*What is needed*. The answer should hold only the lines from the one containing "Premium Vector |" through the one containing "Bateri Baskılı Unisex Siyah Hoodie" in the entries below, copied exactly, without pictures.
======== Entries provided ========
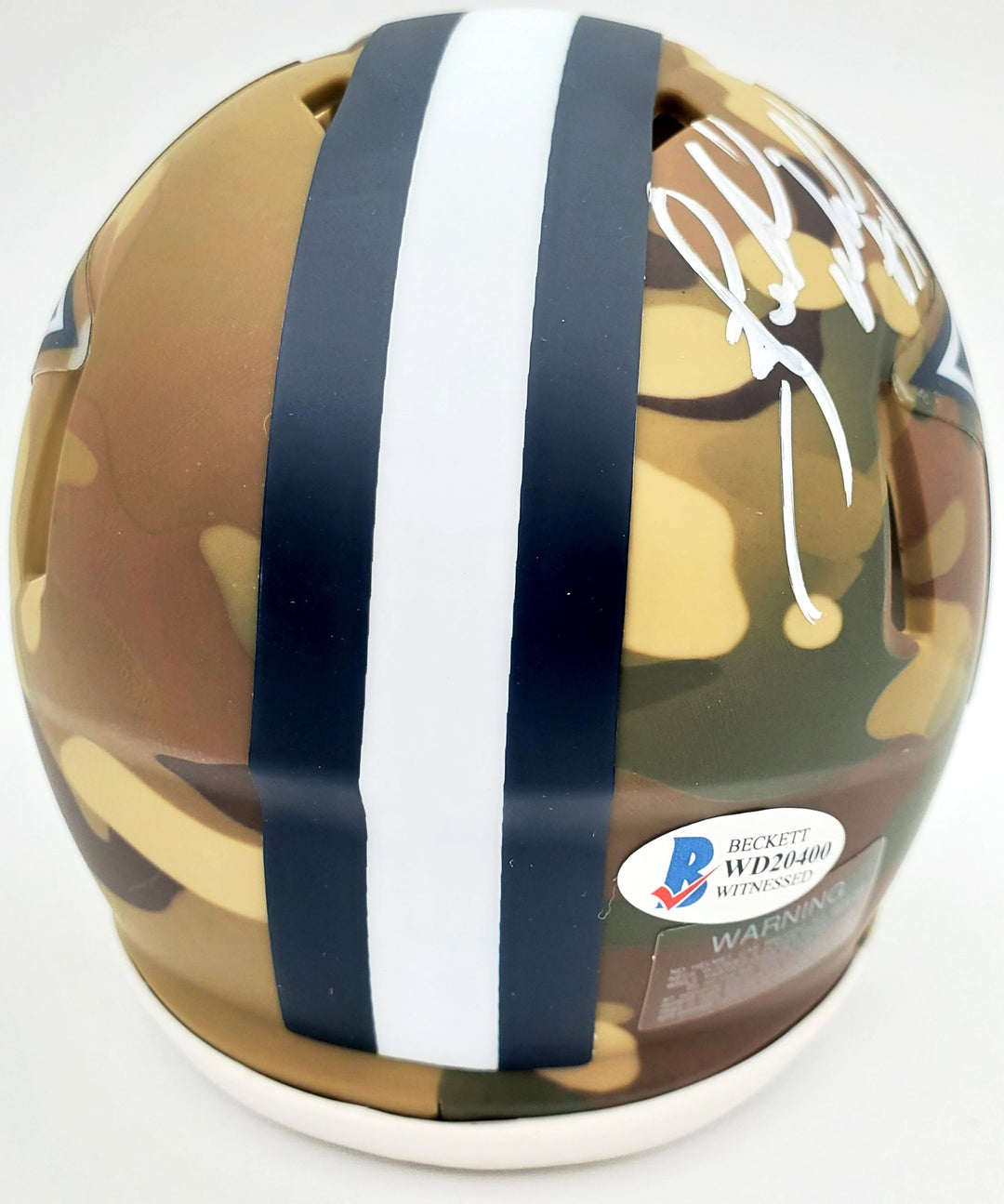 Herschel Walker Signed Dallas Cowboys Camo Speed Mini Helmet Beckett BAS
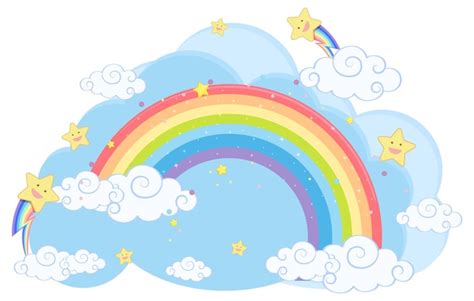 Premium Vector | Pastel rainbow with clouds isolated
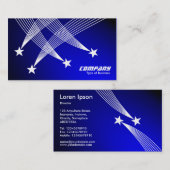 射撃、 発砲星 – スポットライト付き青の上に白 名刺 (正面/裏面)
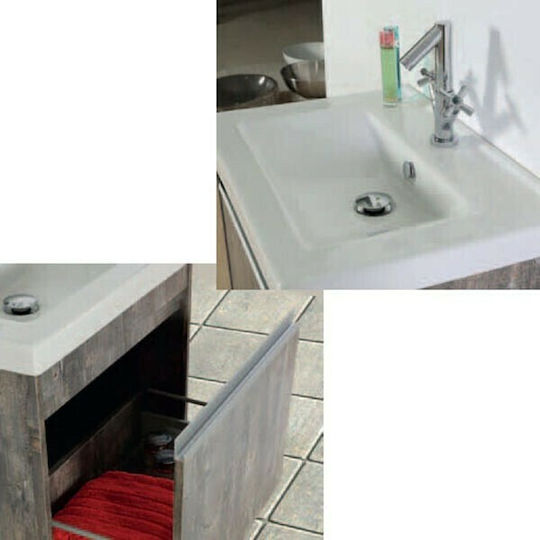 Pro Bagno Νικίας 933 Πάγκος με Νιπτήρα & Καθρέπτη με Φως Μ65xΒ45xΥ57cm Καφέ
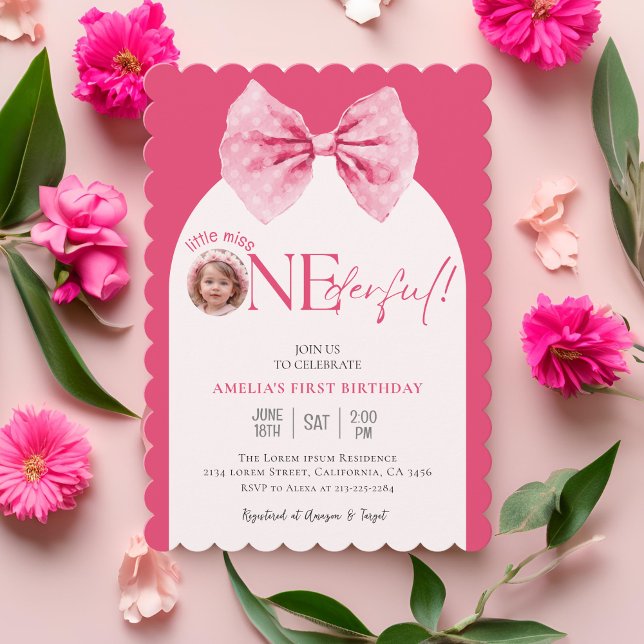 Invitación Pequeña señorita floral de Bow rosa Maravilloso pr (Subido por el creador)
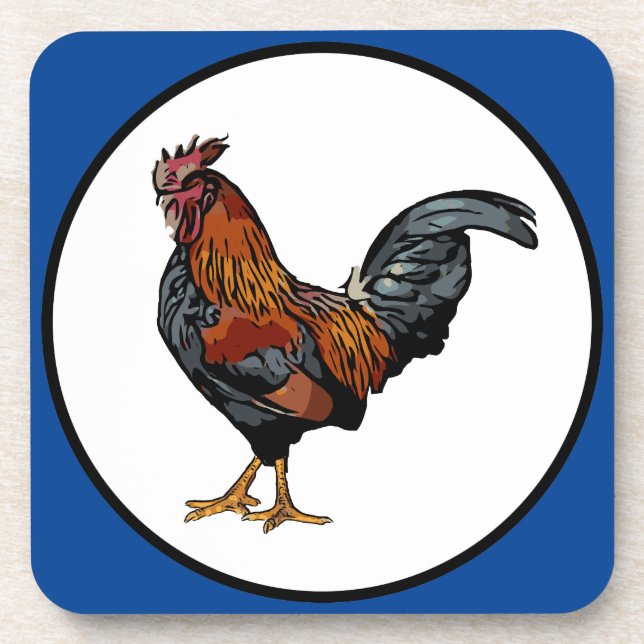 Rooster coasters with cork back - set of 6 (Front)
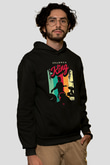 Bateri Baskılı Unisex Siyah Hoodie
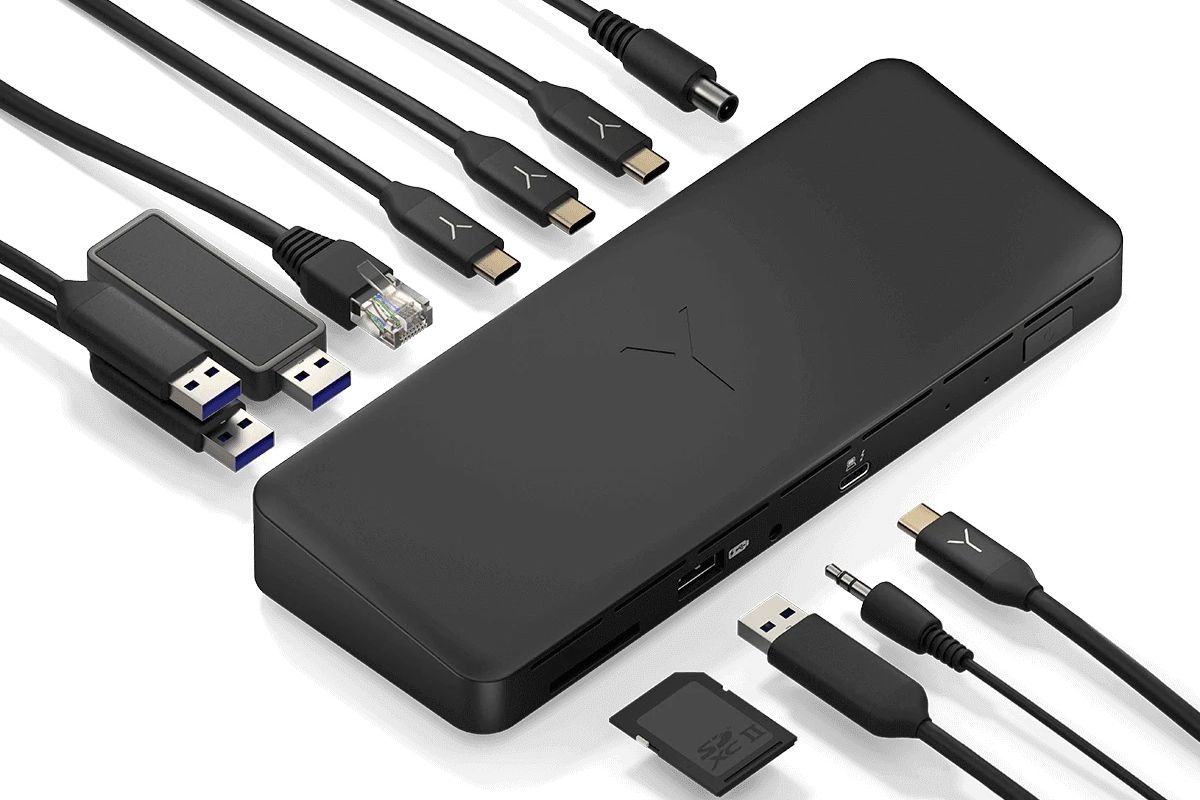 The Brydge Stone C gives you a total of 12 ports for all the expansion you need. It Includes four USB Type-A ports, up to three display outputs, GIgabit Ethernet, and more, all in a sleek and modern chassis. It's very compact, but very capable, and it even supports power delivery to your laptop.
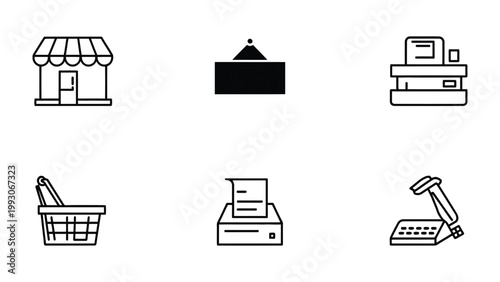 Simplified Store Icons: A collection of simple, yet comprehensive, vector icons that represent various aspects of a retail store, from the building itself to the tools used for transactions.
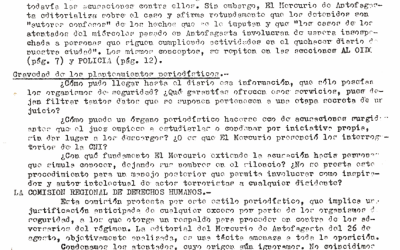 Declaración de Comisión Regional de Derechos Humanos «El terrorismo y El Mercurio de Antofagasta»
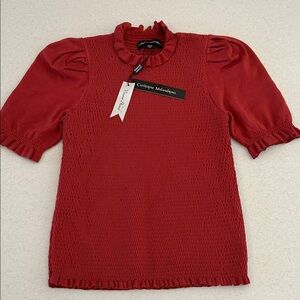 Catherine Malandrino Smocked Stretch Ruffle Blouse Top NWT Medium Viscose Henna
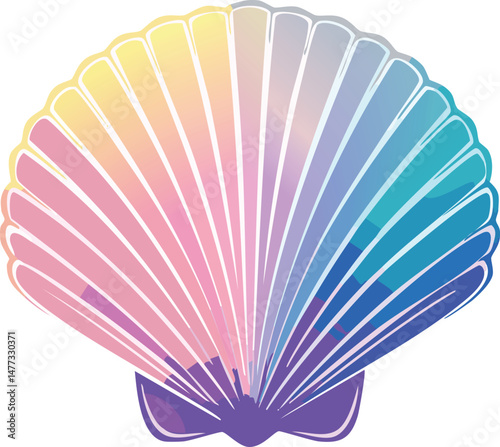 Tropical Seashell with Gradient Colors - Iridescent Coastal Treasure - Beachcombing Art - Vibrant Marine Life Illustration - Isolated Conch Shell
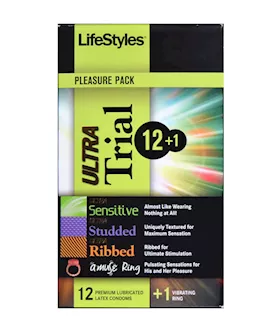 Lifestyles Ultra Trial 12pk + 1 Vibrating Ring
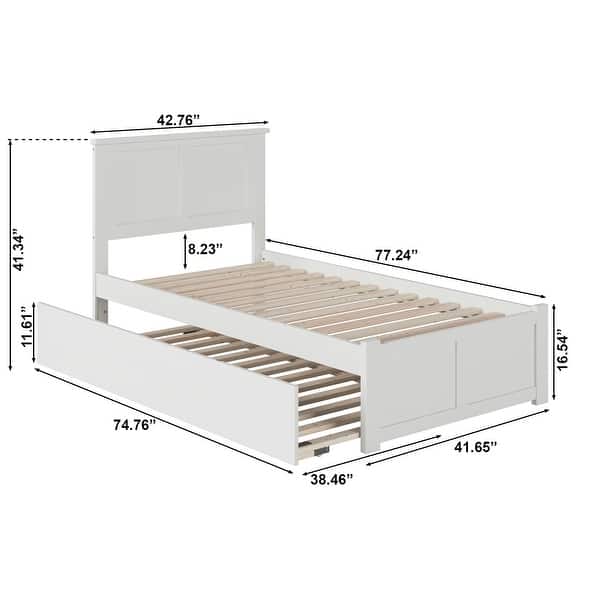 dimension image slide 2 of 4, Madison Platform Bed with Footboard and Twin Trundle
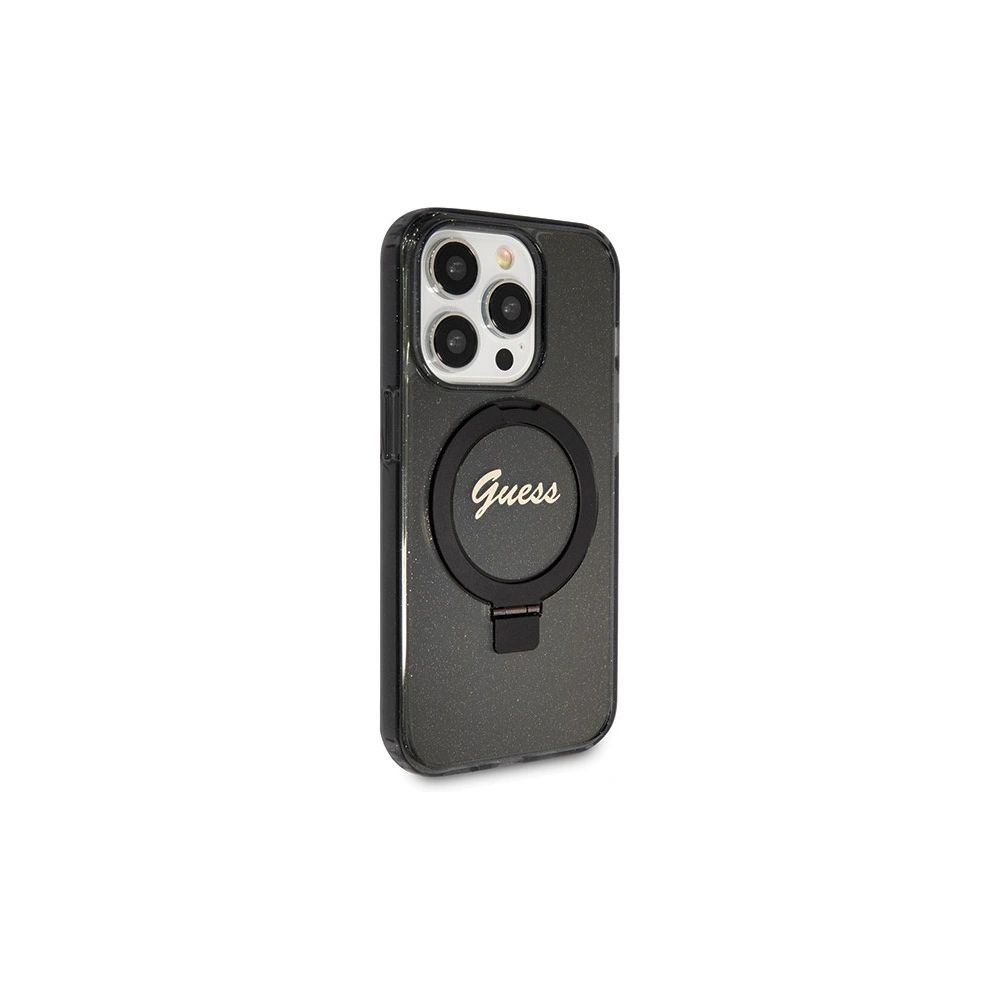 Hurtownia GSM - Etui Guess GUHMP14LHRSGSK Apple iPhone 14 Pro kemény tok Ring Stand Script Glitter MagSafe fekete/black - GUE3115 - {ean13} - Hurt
========
*Solution below*.
 Premium Vector | Pastel rainbow with clouds isolated
 射撃、 発砲星 – スポットライト付き青の上に白 名刺 (正面/裏面)
 Pro Bagno Νικίας 933 Πάγκος με Νιπτήρα & Καθρέπτη με Φως Μ65xΒ45xΥ57cm Καφέ
 Invitación Pequeña señorita floral de Bow rosa Maravilloso pr (Subido por el creador)
 Rooster coasters with cork back - set of 6 (Front)
 Bateri Baskılı Unisex Siyah Hoodie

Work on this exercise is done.